We held the pilot project in a retail mall location, at the Barrie Learning Centre. The advantages of this location were numerous; the class room areas and computers were available and, with a bit of tinkering with the computer and printer connections, ready to use. Technical support was usually available, and always gratefully received! Some participants found the environment to be too businesslike and formal, and suggested that a downtown location with an "artsy" flavour might have been more inspiring. That said, the participants in the pilot were immersed in the Learning Centre environment throughout the project; this type of connection made registration for further upgrading work at the Centre both more accessible and successful.

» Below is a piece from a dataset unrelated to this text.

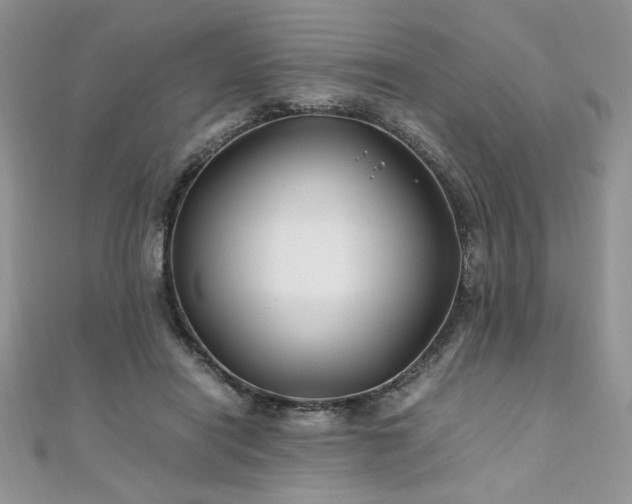 X0000110930454200906181432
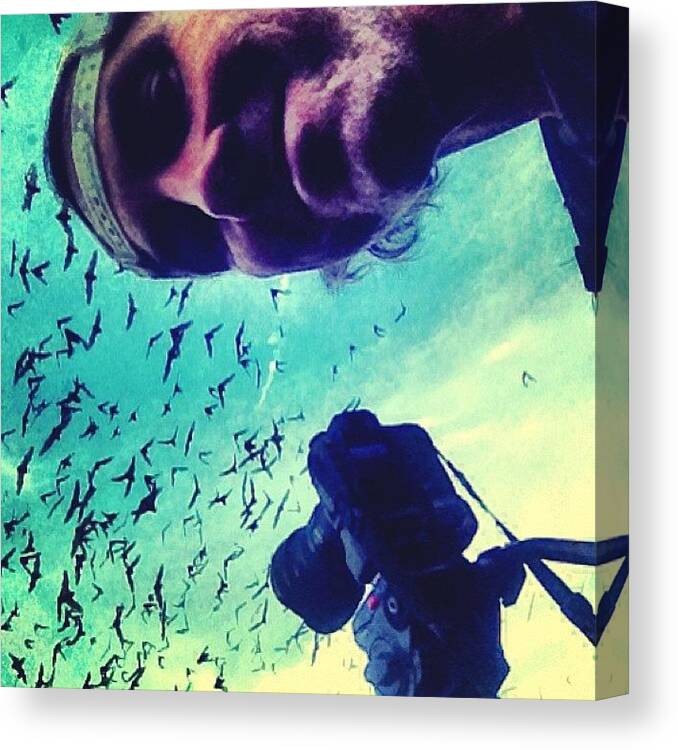 Nicklucey Canvas Print featuring the photograph Going #bat Sh1t #crazy In #texas /// by Nick Lucey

Our experience of outreach and recruitment of participants was somewhat frustrating, but eventually successful. The recruitment advertisements (see Appendix D) were faxed to selected area youth service providers three weeks prior to the project's start date. These same advertisement posters were placed in youth relevant downtown locations, such as arcades, music stores, variety stores and the bus station. Initial recruitment was slow and unstable; two participants signed up within that first week, but both dropped out by the second week citing employment needs. One week before the start date, I attended the Barrie Youth Services Board meeting to promote the project further, visited a teen parent program at the Community Health Centre, and put in a further call to a local youth employment centre. At the start date, the pilot had 6 registrants, 4 of whom showed up. Fortunately, by the middle of that first week, 3 more participants registered. With one further dropping out after the first day, our participant list stood at 6 youths, which matched the numbers in our funding proposal. A word to future programs - recruiting too early is likely to result in participants dropping out before your start date, but you still need to recruit at least three weeks in advance to ensure that the message gets out in time. Our most successful recruitment connection was the area youth employment and counselling centre, due to the good match between their client population and the project's participation criteria. No youth were recruited as a result of the postering through the downtown core, suggesting that youth-at-risk need agency involvement and encouragement to register for upgrading programs.